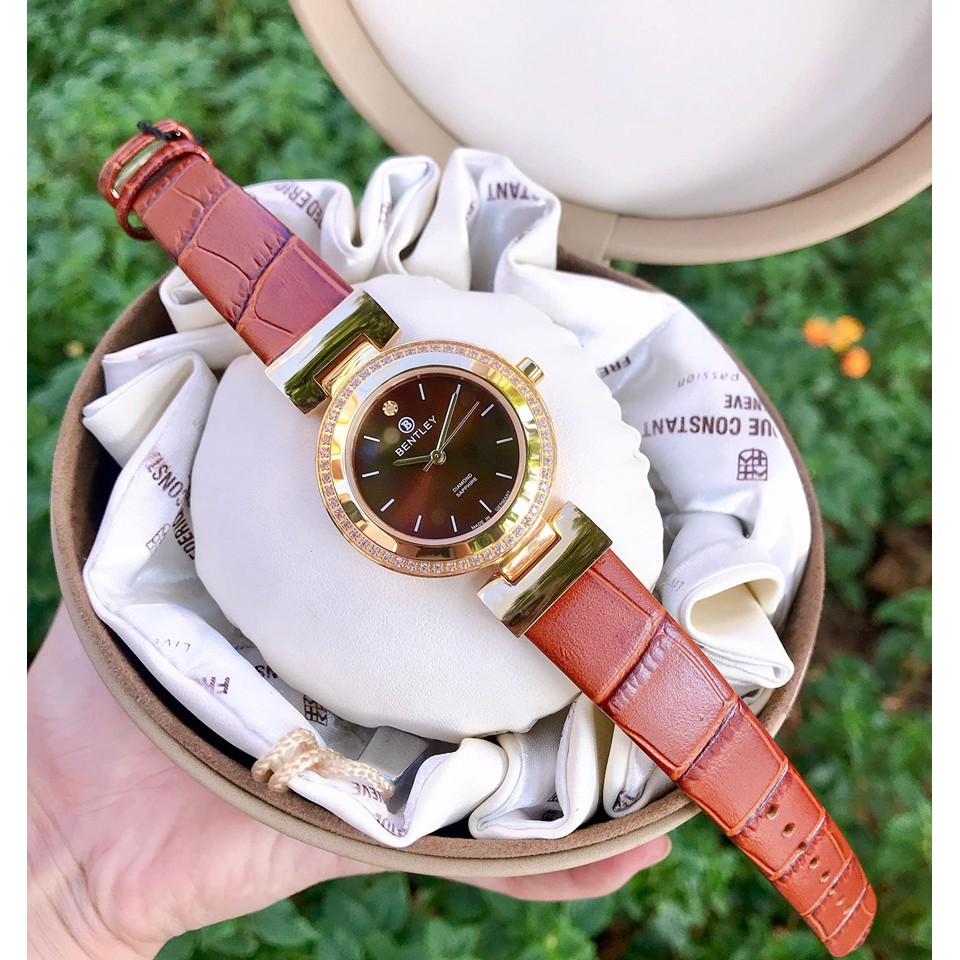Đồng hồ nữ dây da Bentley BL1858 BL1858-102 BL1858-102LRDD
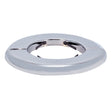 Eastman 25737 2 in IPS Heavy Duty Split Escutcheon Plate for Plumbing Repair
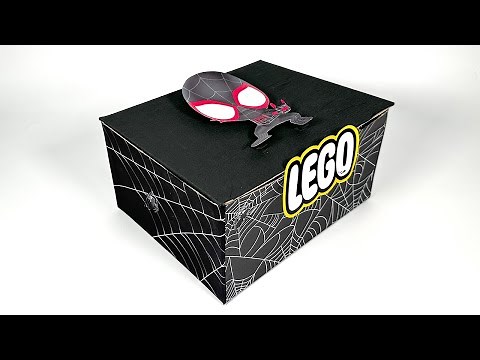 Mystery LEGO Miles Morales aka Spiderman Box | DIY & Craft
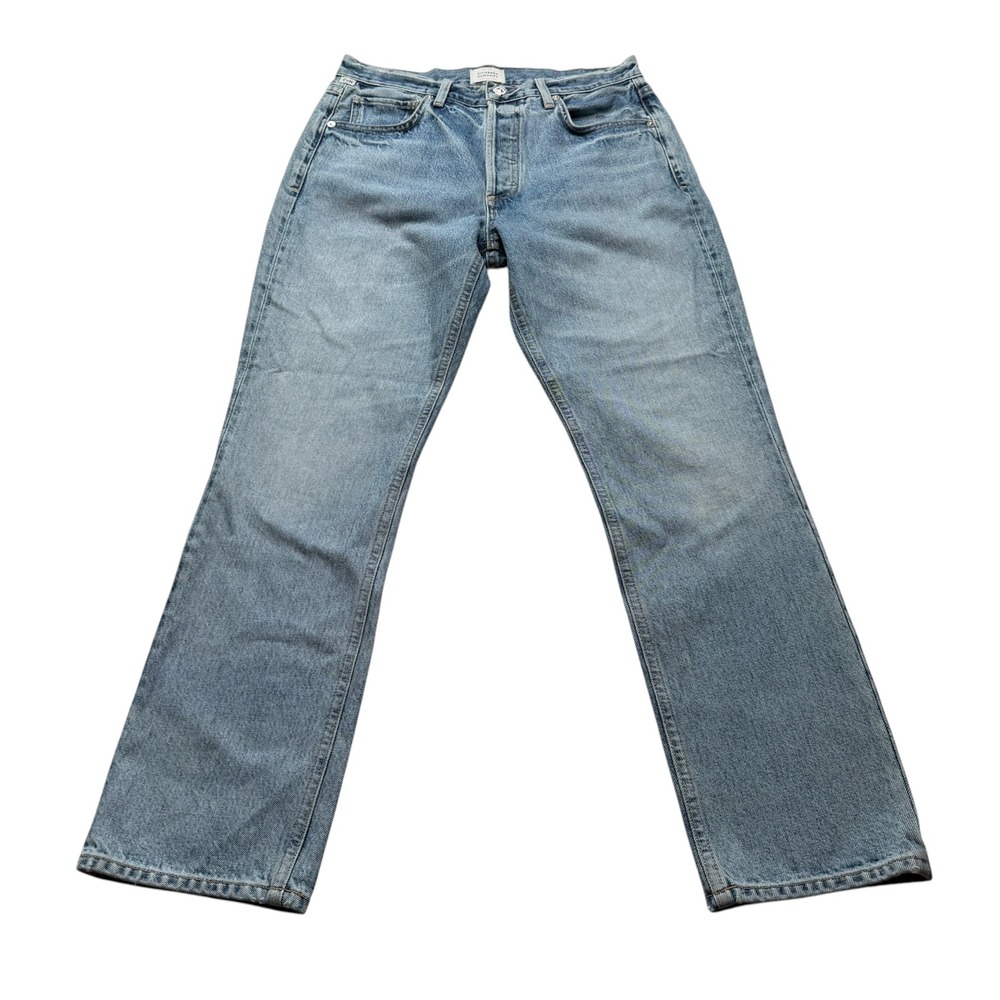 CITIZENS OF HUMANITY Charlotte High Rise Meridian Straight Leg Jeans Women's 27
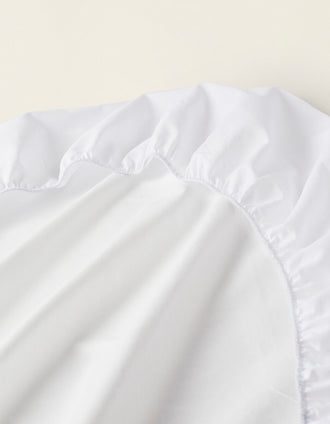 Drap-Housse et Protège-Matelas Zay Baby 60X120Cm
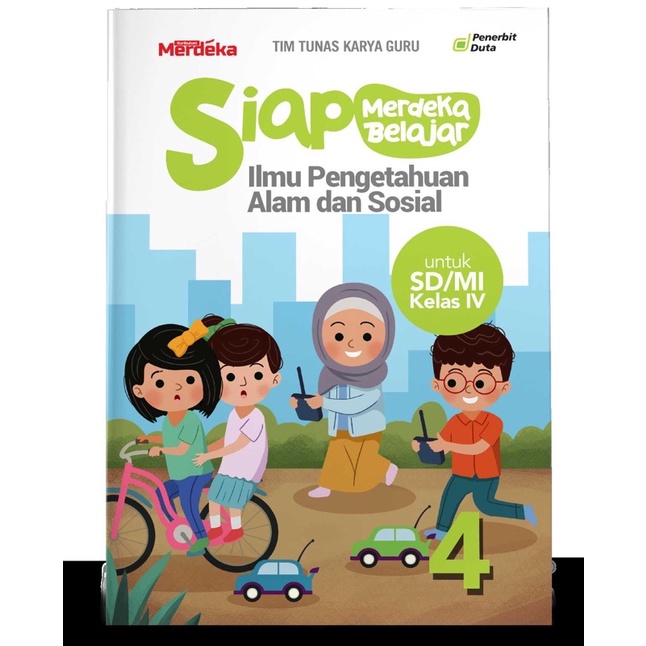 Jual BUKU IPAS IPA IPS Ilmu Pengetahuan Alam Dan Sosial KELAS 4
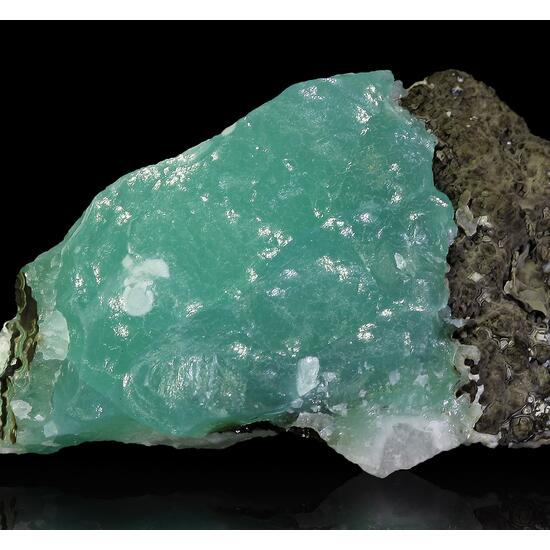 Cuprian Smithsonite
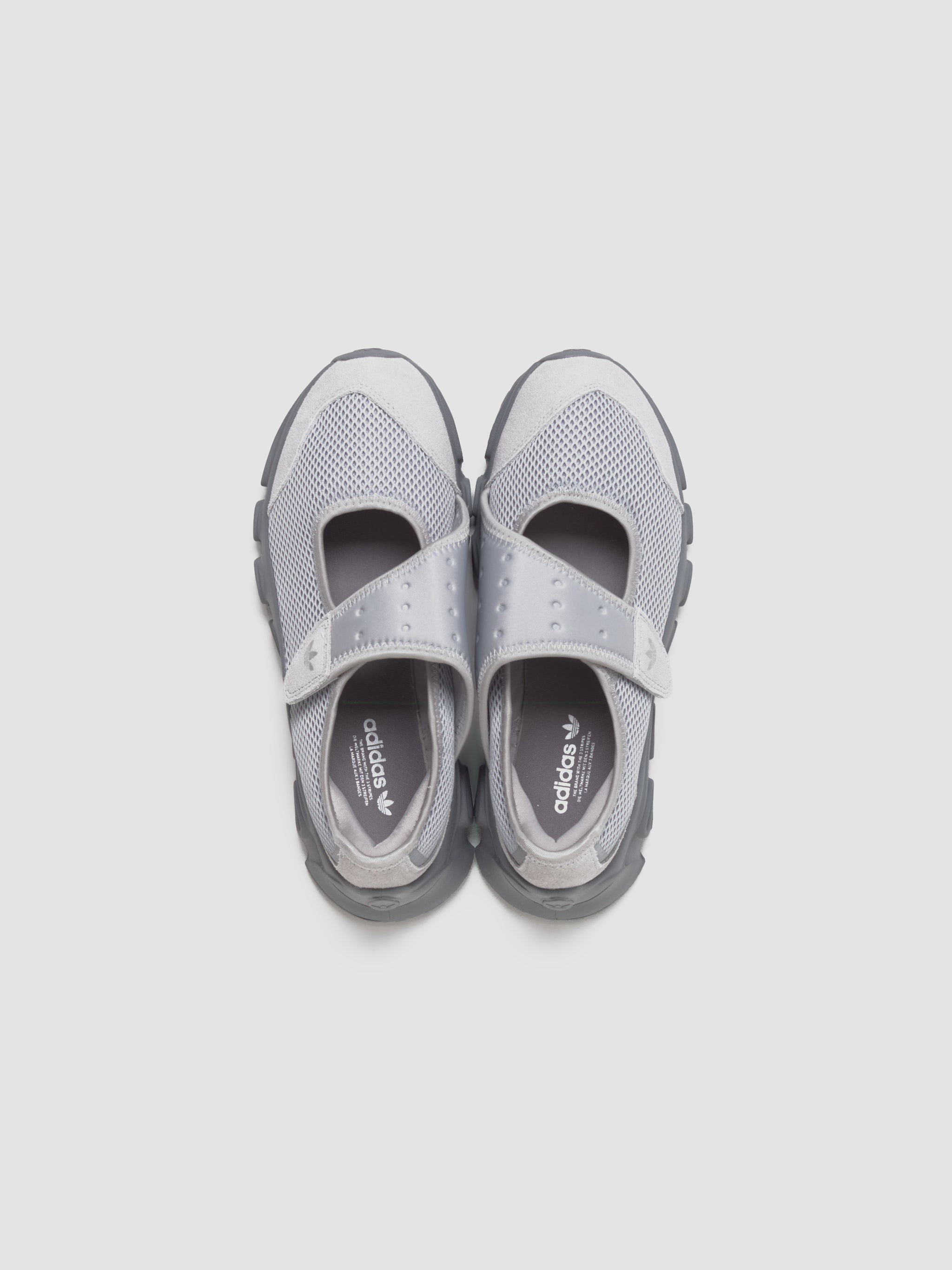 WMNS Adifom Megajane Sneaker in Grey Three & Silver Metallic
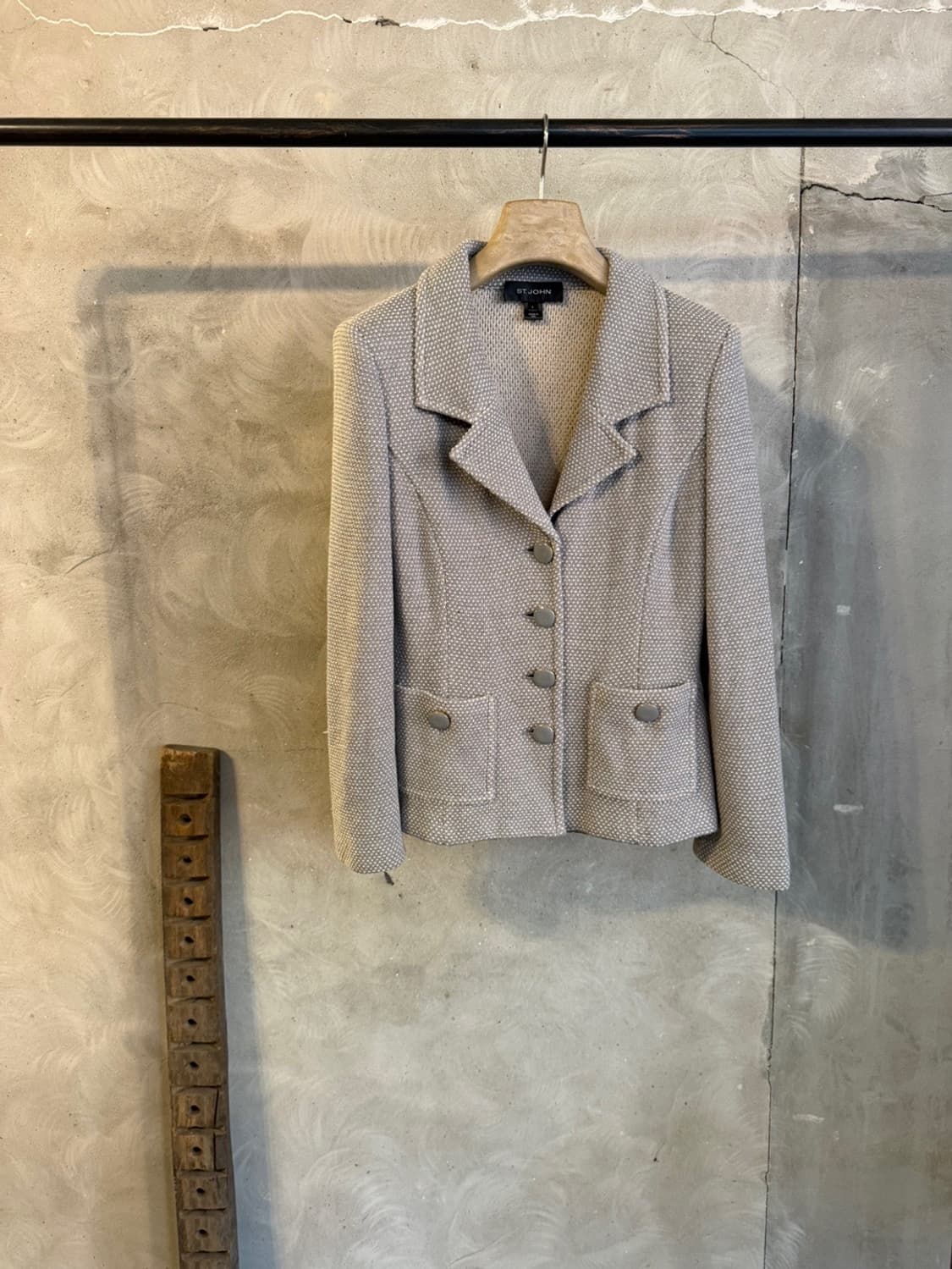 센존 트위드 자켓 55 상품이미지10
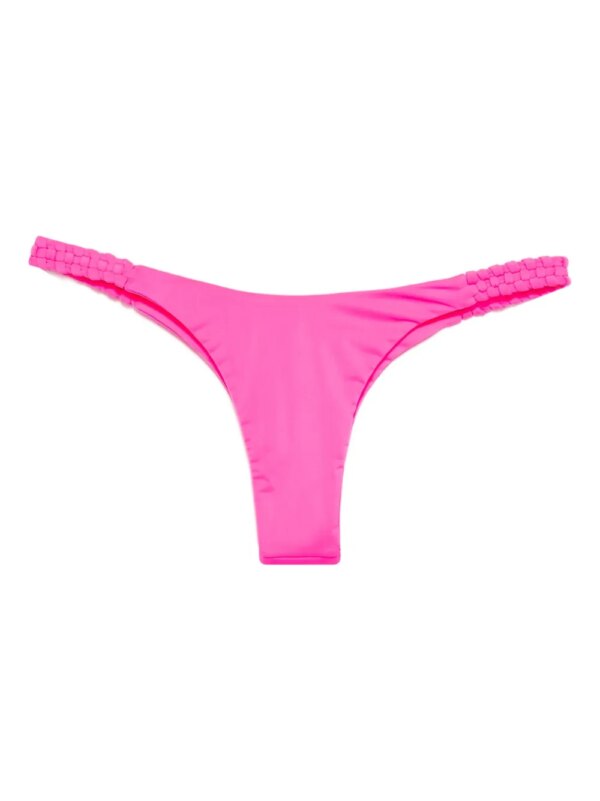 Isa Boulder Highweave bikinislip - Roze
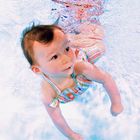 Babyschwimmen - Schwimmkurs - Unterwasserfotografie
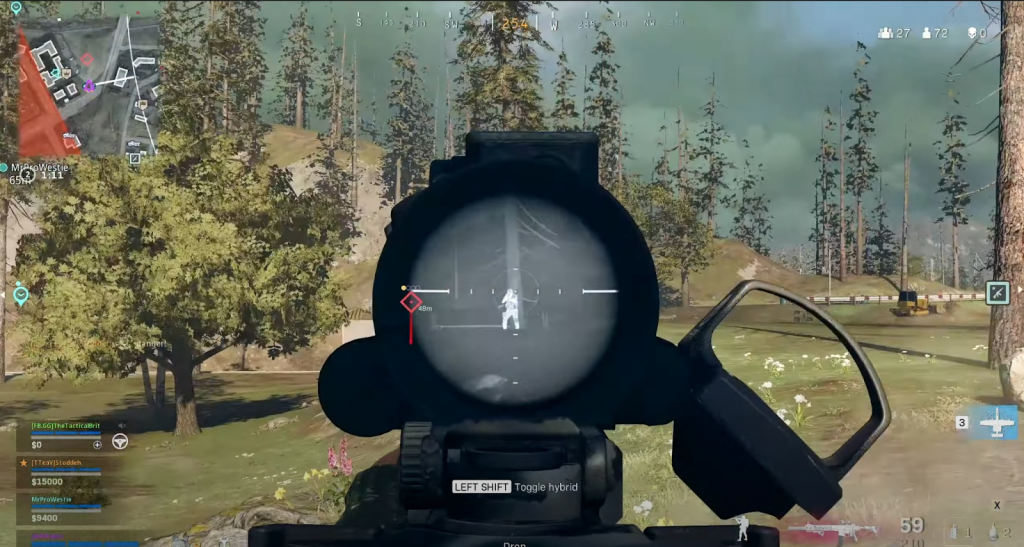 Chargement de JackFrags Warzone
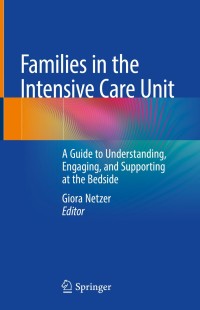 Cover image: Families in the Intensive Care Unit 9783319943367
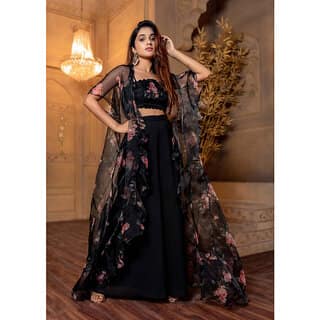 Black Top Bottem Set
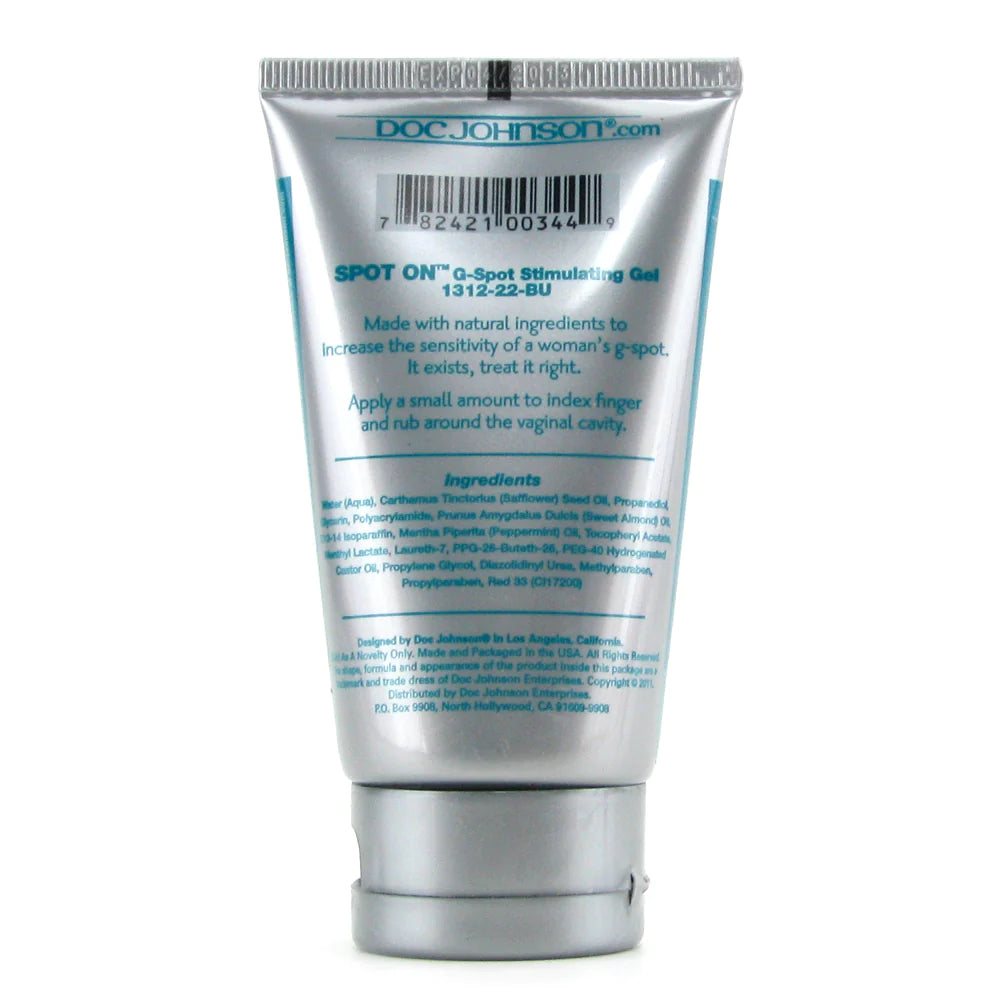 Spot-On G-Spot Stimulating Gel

- **Your objective**:
The last line of the entries marks the end, and the line with "Black Top Bottem Set" marks the start. Output exactly those two lines and every line between them, nothing else, with the pictures left out.

- **Result of the exercise**:
 Black Top Bottem Set
 Spot-On G-Spot Stimulating Gel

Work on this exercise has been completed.